Short text fragments from websites
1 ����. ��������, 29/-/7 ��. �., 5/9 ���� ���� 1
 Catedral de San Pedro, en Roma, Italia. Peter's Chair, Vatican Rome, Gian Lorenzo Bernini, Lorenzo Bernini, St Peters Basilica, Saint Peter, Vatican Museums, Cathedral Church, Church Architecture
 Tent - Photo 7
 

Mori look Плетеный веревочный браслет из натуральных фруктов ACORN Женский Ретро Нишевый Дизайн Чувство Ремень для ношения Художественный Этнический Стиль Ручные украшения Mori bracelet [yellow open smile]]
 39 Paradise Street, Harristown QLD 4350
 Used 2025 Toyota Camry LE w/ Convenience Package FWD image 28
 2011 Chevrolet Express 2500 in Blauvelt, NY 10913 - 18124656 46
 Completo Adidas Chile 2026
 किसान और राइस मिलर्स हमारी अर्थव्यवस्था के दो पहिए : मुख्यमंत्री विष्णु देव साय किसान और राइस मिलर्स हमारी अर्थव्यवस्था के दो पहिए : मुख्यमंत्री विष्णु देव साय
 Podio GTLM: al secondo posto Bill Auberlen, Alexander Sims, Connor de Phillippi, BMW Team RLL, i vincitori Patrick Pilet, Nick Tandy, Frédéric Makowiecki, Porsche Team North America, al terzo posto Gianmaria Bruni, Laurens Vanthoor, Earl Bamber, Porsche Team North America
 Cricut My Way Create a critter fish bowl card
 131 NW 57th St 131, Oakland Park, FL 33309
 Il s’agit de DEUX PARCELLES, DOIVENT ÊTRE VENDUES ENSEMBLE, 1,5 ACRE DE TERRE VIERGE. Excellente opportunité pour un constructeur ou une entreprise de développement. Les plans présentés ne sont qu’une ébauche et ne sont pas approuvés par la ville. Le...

Try it — Extract the first line above and each line after it up to and including the one with "देव साय किसान", please, exactly and with nothing else.

Problem solution —
1 ����. ��������, 29/-/7 ��. �., 5/9 ���� ���� 1
 Catedral de San Pedro, en Roma, Italia. Peter's Chair, Vatican Rome, Gian Lorenzo Bernini, Lorenzo Bernini, St Peters Basilica, Saint Peter, Vatican Museums, Cathedral Church, Church Architecture
 Tent - Photo 7
 

Mori look Плетеный веревочный браслет из натуральных фруктов ACORN Женский Ретро Нишевый Дизайн Чувство Ремень для ношения Художественный Этнический Стиль Ручные украшения Mori bracelet [yellow open smile]]
 39 Paradise Street, Harristown QLD 4350
 Used 2025 Toyota Camry LE w/ Convenience Package FWD image 28
 2011 Chevrolet Express 2500 in Blauvelt, NY 10913 - 18124656 46
 Completo Adidas Chile 2026
 किसान और राइस मिलर्स हमारी अर्थव्यवस्था के दो पहिए : मुख्यमंत्री विष्णु देव साय किसान और राइस मिलर्स हमारी अर्थव्यवस्था के दो पहिए : मुख्यमंत्री विष्णु देव साय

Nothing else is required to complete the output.